Dec 8, 2022

Book Review: Atmamun by Kapil Gupta



 I stumbled upon this title in one of Ankur Warikoo's book recommendations. Over the past 3 weeks, I have been reading this book slowly and steadily. This book requires immersive reading and can't be skimmed through in one go.

Some books question you so deeply that it makes you uncomfortable. Atmamun is one such book, where the author raises many questions that made me go from "wow", "hmm, never thought of it this way!" to "what? no way!"


It is neither a self-help book nor a philosophy book that explains doctrines or ways of living. Rather, it is a book that helps you introspect and rewires your perspectives on many commonly held beliefs. 


To give you a sample, we have learned about the importance of mindfulness in daily life, but the author says that practices such as mindfulness are a trap. His question - "Isn't the entire problem a fullness of the mind?" makes you sit straight and wonder "aamaam la" ("right, no?").


His reasoning on this question is very valid - "The trouble with mindfulness is that it requires persistent effort. It is like attempting to empty the ocean with a teacup."

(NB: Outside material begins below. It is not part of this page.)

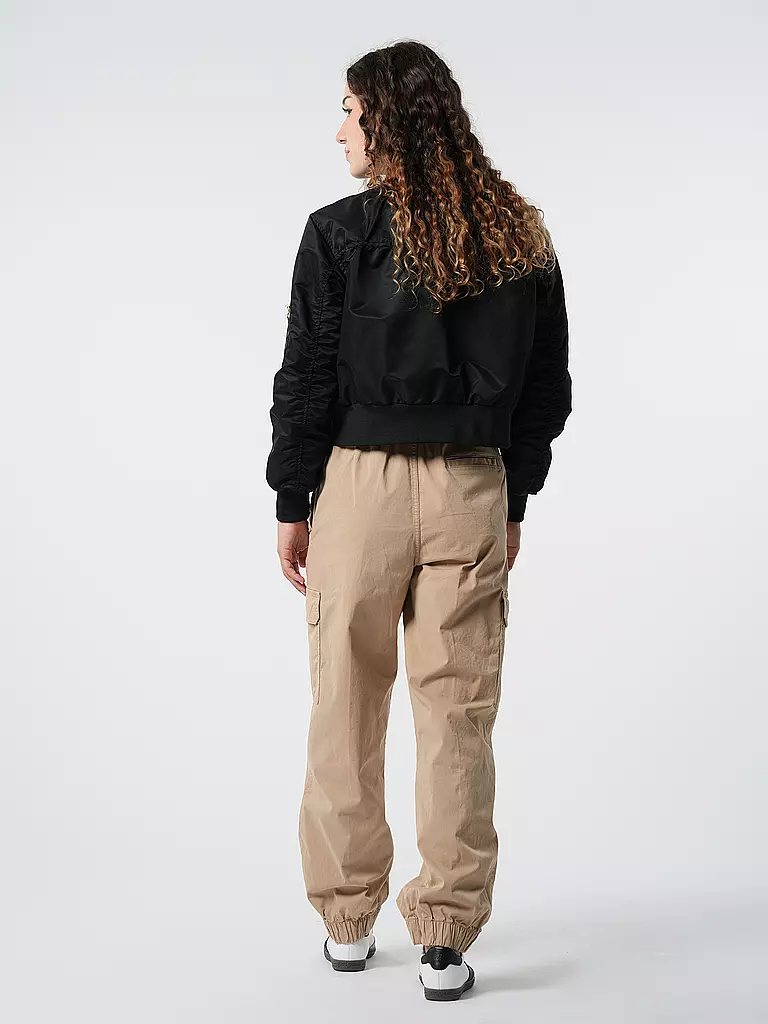 HUGO | Cargohose Relaxed Fit HISUNE-1-D_B | Beige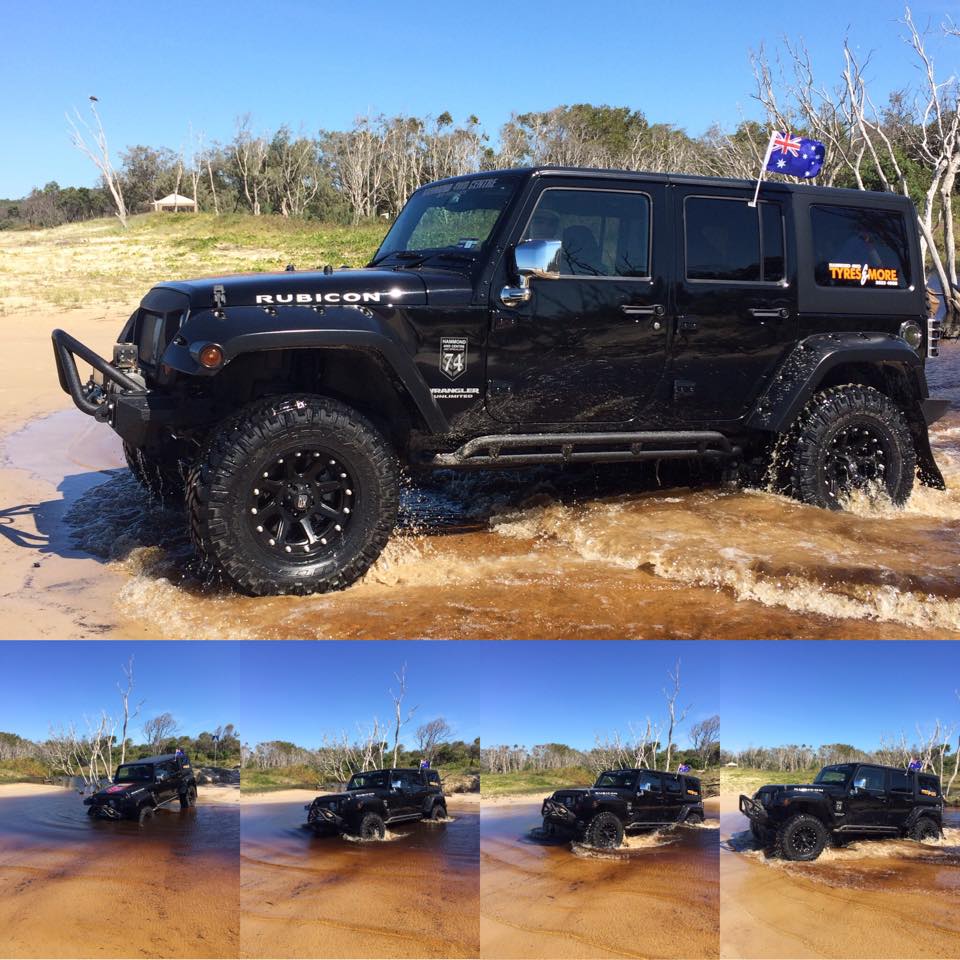 WHY JEEP? Hammond 4WD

The author states that the greatest freedom in the world is freedom from our minds. And our mind stands as the single barrier between ourselves and the life that nature intended for us to live. Instead of taming the mind, our goal should be to transcend the mind.


The chapter that differentiates between doing meditation and being meditative is just brilliant. His argument on how turning inward is the greatest luxury and how wealth can enable that luxury helped me gain a new perspective.


A few of my favorite quotes:

  • The only worthwhile watch in the world is not the one which counts Up, but the one which counts Down (in the context of mortality)
  • We find ourselves constantly putting out fires. When we are not putting out fires, we are thinking about the ones that may come. And we are lamenting the ones we have lived through.
  • The question is NOT “How do I solve my problems?’. The question is “Why do I have problems in the first place?”
  • The worst thing that a parent can give to his child is his Mind.


Highly recommend this book for its simple language and powerful thoughts.